Why house prices in Munich are starting to fall

The real estate market in the southern German state of Bavaria is changing due to the precarious economic situation, a new report has found.

Why house prices in Munich are starting to fall

What’s happening?

Germany’s largest state – Bavaria – is known for many positive things, such as stunning nature, culture and festivals. But it also has a reputation for being an expensive place to live. Many cities, especially Munich, are notorious for having some of the highest rental and property costs in the country. 

But it looks like the trend of rising house prices is beginning to dampen. 

According to the latest report by the Real Estate Association Germany South Region (IVD Süd e.V.), inflation and increased mortgage interest rates have put an end to the period of significant hikes in the Bavarian real estate market – at least for the time being. 

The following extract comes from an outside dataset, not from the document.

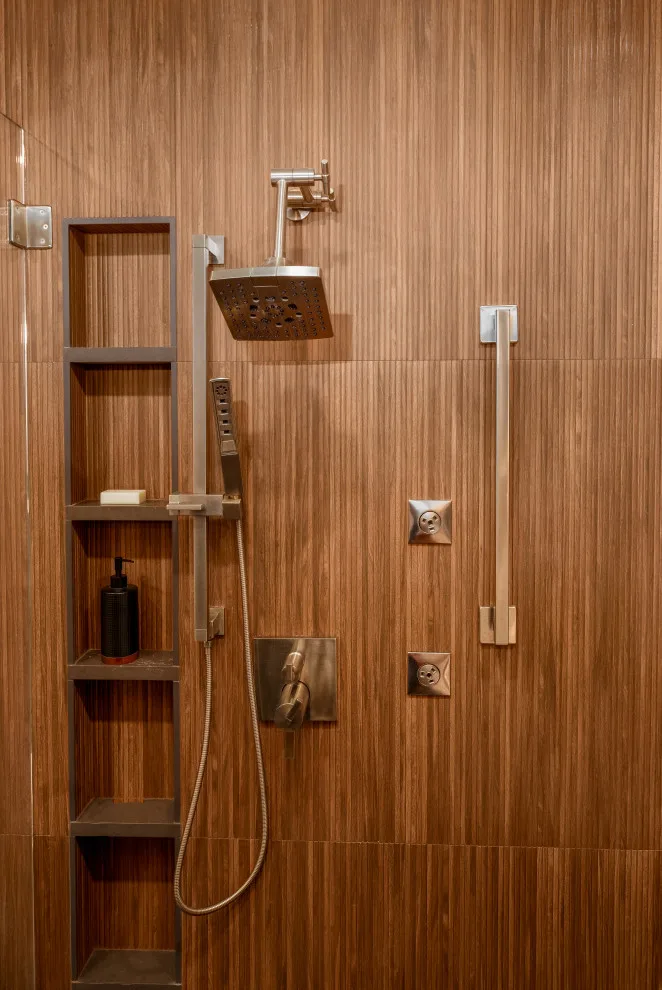 Contemporary Hawaiian Main Bathroom by Heather DeMoras Design Consultants Inc. - Photo 8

“The rapidly growing financing costs and the uncertainties associated with the impending recession in Germany as a result of the Ukraine war are inhibiting the dynamics of market activity and, in particular, the price dynamics in the residential real estate market,” said Professor Stephan Kippes, head of the IVD market research institute.

It reflects a general trend that we’ve been starting to see in Germany as the tough economic situation bites. 

According to a recent study by property search portal ImmoScout24, the number of people buying houses in Germany fell dramatically in the second quarter of 2022. And In many of the major metropoles, property prices also went down as people struggled to find interested buyers.

READ ALSO: How property prices are dropping in major German cities 

Where can we see this trend?

The price changes can be seen clearly in the state capital Munich, reported regional broadcaster BR24.

According to the study, the average property price, which was €9,500 per square metre in spring, has now dropped to €9,450. 

In some Bavarian cities, the trend reversal is not yet as noticeable. In Nuremberg, for example, property prices are still rising but at a slower rate than previously seen. The price of a property in spring was on average €3,630 per square metre, and is now €3,710, according to the study. 

Experts say it shows how the situation is developing. 

“The state capital of Munich, where the first price declines for residential real estate were identified in the fall of 2022 for the first time in a long time, could serve as a seismograph for future developments in Bavaria’s large and medium-sized cities,” said Kippes. 

Homes in Erfurt, Thuringia.

Homes in Erfurt, Thuringia. Photo: picture alliance/dpa | Martin Schutt

Interest increases for buyers

At first glance, this development could seem tempting for those looking to buy property in Germany.

But Kippes points out that buyers are hardly benefitting from the decreasing prices – because interest rates have risen. 

“A few months ago, you could get an interest rate of 0.8 percent,” said Kippes. “If we take a purchase price of €500,000, let’s assume that €150,000 is equity and a €350,000 loan is needed; two percent repayment, 10 years fixed interest rate. Then, you would have paid €817, but today it would cost you €1,473.”

The IVD study said that the historically low-interest rate level of the past years in Germany “made it possible to compensate, at least partially, for the massive increases in purchase prices in many places”.

READ ALSO: The rules foreigners need to know when buying property in Germany 

“Now that the relief provided by low-interest rates has largely disappeared, but at the same time purchase prices have remained at dizzying heights, owner-occupiers in particular, who traditionally often finance with a high proportion of borrowed capital, are increasingly dropping out as buyers,” said the study.